The union representing 3,000 conductors and locomotive engineers who work for CP Rail says it has reached a tentative deal with the railway, less than 24 hours after its members went on strike.
“We believe this is a fair contract that our members can feel good about ratifying. I am personally very satisfied with what we have negotiated,” says Doug Finnson, president of the Teamsters Canada Rail Conference, in a statement.
Teamsters members walked off the job at 10pm eastern on Tuesday. The union says CP operations will resume Thursday at 6 am local time across Canada.
The four-year agreement must still be ratified, a process which is expected to take several months.
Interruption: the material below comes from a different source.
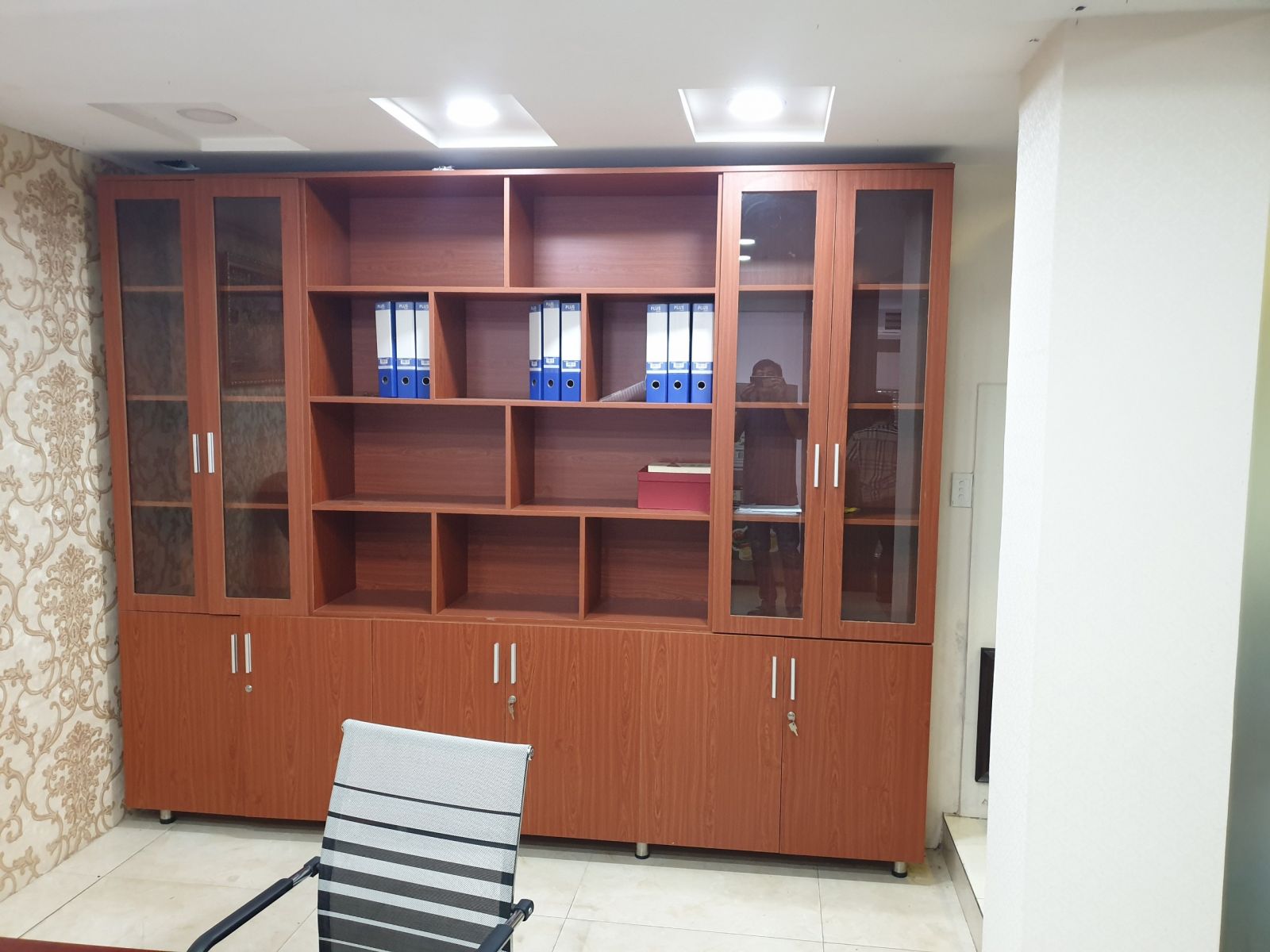 Thu mua nội thất văn phòng quận 10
The union says details of the agreement are being withheld pending ratification, while communicating more information with its members.
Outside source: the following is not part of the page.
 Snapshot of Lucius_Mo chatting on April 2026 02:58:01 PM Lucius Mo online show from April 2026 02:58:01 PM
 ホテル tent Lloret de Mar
“This is a positive result for our TCRC employees and their families, the 12,000-strong CP family, our customers and the entire Canadian economy,” says Keith Creel, CP’s president and CEO. “It is especially meaningful to achieve a four-year tentative agreement with our valued locomotive engineers and conductors, providing long-term stability for all parties involved. This is a significant step toward a renewed positive relationship growing forward together serving our customers and the Canadian economy.”
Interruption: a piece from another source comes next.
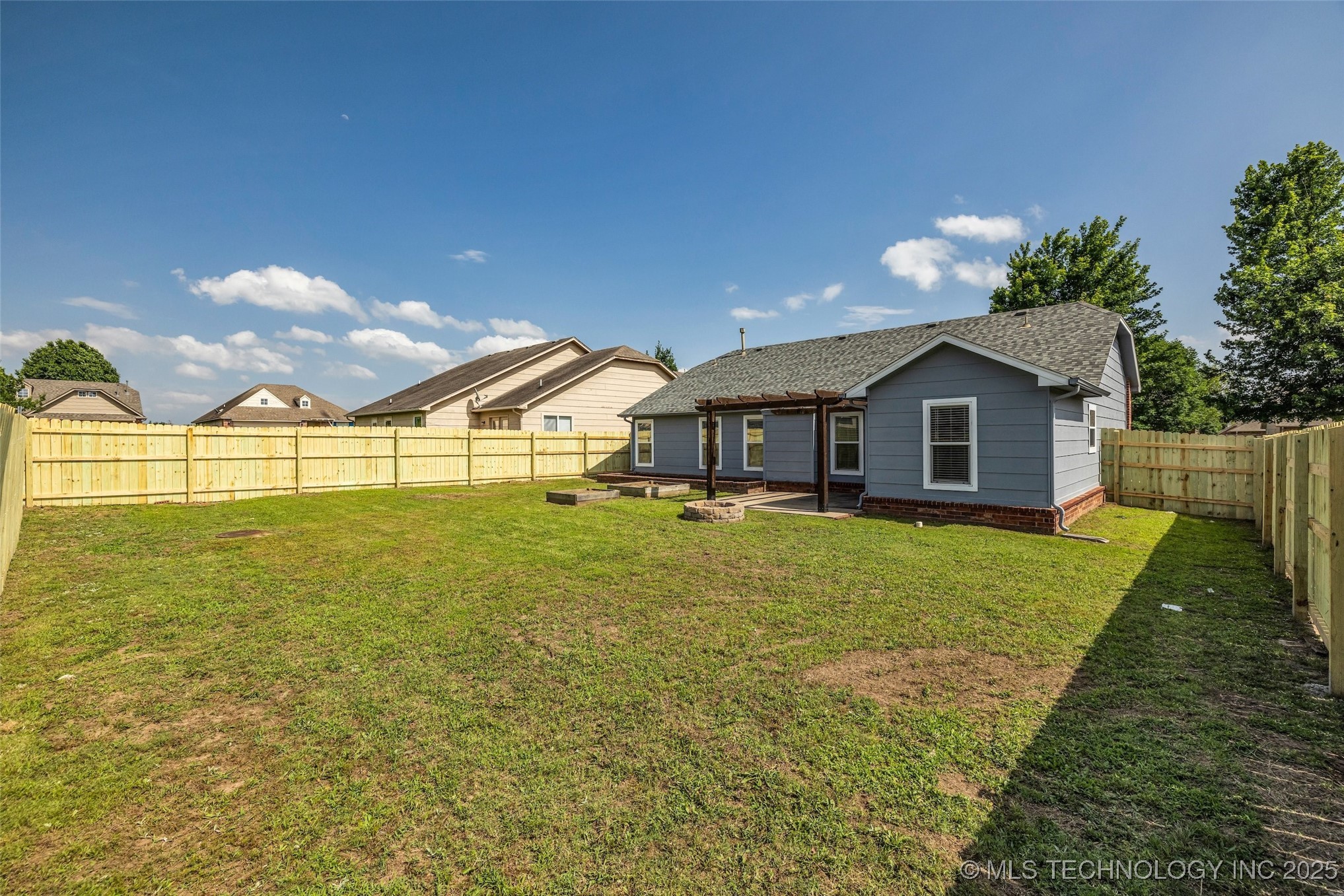 20409 E 44th Street S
The union is also thanking the federal government, including Prime Minister Justin Trudeau, for not intervening.
“Previous governments were all too eager to threaten back to work legislation, acting quickly on behalf of employers against workers and their unions,” says Finnson. “We thank the government for proving that collective bargaining can work when it’s allowed to.”
Several agriculture industry groups, including Grain Growers of Canada, the Canadian Oilseed Processors Association, and Fertilizer Canada, were calling on the federal government to act to keep CP trains rolling.
“The announcement today that the 3000 members of the Teamsters union will be back at work tomorrow, ending a work stoppage less than 24 hours old is good news for Canadian shippers,” says Jeff Neilsen, president of Grain Growers of Canada, in a statement welcoming the end of the strike. “With this positive news, and the recent passage of Bill C-49, grain farmers are excited about the opportunity that exists to have a rail transportation system that works for hard working farm families and the rural communities they live in.”